The film is also blessed by Erwin Hillier’s luminous cinematography. He had a background in the German UFA studio. He started work as camera assistant on Fritz Lang’s M, and may indeed have bumped into Emeric Pressbuger, who also worked at UFA, at some time. They had a shared apprenticeship. The black and white contrasts, shadows and light blending in the mysterious night, have all the hallmarks of German expressionism. A style which would also be transposed, via another German cinematographer, Karl Freund, into the Universal horror style of Frankenstein (and there are definite echoes of horror in A Canterbury Tale – it would have been interesting to see what a Powell and Pressburger/Hammer collaboration would have produced). Michael Powell also noted Hillier’s obsession with cloudscapes, another significant feature of A Canterbury Tale. ‘The only thing he was a bit loony about was clouds in the sky’, he notes in A Life In Movies. ‘He detested a clear sky, and it sometimes seemed to me that he forgot about the story and the actors in order to gratify this passion. “Meekee, Meekee, please wait another few minutes”, he would plead. “There is a little cloud over there and it is coming our way, I’m sure it is”.

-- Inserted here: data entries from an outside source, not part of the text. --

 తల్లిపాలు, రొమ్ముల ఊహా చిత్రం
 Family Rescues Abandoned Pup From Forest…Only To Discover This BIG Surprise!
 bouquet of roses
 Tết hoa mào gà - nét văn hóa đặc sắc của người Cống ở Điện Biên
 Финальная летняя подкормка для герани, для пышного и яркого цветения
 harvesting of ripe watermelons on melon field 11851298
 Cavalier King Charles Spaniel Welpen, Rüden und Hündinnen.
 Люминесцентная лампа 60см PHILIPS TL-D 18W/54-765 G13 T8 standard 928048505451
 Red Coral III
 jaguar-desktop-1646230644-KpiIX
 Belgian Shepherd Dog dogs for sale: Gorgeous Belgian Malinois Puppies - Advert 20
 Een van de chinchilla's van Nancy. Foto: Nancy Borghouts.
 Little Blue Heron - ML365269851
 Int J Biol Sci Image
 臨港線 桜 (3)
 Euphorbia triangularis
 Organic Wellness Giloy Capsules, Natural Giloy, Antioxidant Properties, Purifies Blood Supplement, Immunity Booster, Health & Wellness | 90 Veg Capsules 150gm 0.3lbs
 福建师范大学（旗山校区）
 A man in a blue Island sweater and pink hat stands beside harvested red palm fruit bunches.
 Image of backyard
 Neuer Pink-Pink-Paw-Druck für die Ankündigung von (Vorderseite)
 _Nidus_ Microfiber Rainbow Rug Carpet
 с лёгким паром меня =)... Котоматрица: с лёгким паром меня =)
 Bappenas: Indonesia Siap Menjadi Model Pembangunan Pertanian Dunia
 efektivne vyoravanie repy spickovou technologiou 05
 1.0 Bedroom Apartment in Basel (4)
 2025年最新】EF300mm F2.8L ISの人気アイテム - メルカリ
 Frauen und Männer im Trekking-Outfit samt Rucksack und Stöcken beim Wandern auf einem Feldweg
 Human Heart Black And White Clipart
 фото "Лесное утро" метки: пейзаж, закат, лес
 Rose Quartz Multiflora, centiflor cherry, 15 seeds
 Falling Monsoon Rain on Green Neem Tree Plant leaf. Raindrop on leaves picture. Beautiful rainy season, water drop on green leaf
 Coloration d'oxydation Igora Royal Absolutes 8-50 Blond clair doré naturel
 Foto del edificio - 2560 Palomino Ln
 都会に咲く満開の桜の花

Allan Gray’s music perfectly blends in with the sound of bells at the beginning and end. And his angelic choir perfectly expresses the mystery of the landscape, the spirit of place. There is also a social dimension here. The contrast of the city with the countryside. A nascent ecological consciousness is evident, embodied in Colpepper’s favoured reading, Soil and Soul. Colpepper is religious figure with a decidedly ancient aspect. Michael Powell noted of Eric Portman’s Culpepper that he ‘had the face of a medieval ascetic’, which ‘could quite easily have been torn out of a medieval manuscript’. This medieval aspect also plays into the misogyny of the glueman, his historical refusal to acknowledge the place of women in society (although the glue also acts as a metaphor for social cohesion, and for the pouring in of knowledge and learning), This is seen in his refusal to allow women to work on his farm. The film acts as a rebalancing of this divisive vision of the past. Through his observation of women at work, and their lack of fear (none of the ‘victims’ of the glueman whom Alison interviews, all engaged in active and responsible working roles, express anything more than irritation at his activities) he learns as well; as he does through his relationship with Alison.
In the end, all receive their blessings. The entry into Canterbury is transcendent and really quite profoundly moving. Emeric succeeded completely in his crusade against materialism. Even Colpepper, his sins revealed before him, his confession made, receives some sort of exclulpation, although he stands penitently apart from the crowd. We end with the chiming of the bells and a return to Chaucer. Time transcended. The pilgrim’s way remains open. Enter through the gates and find the truth that lies within your heart.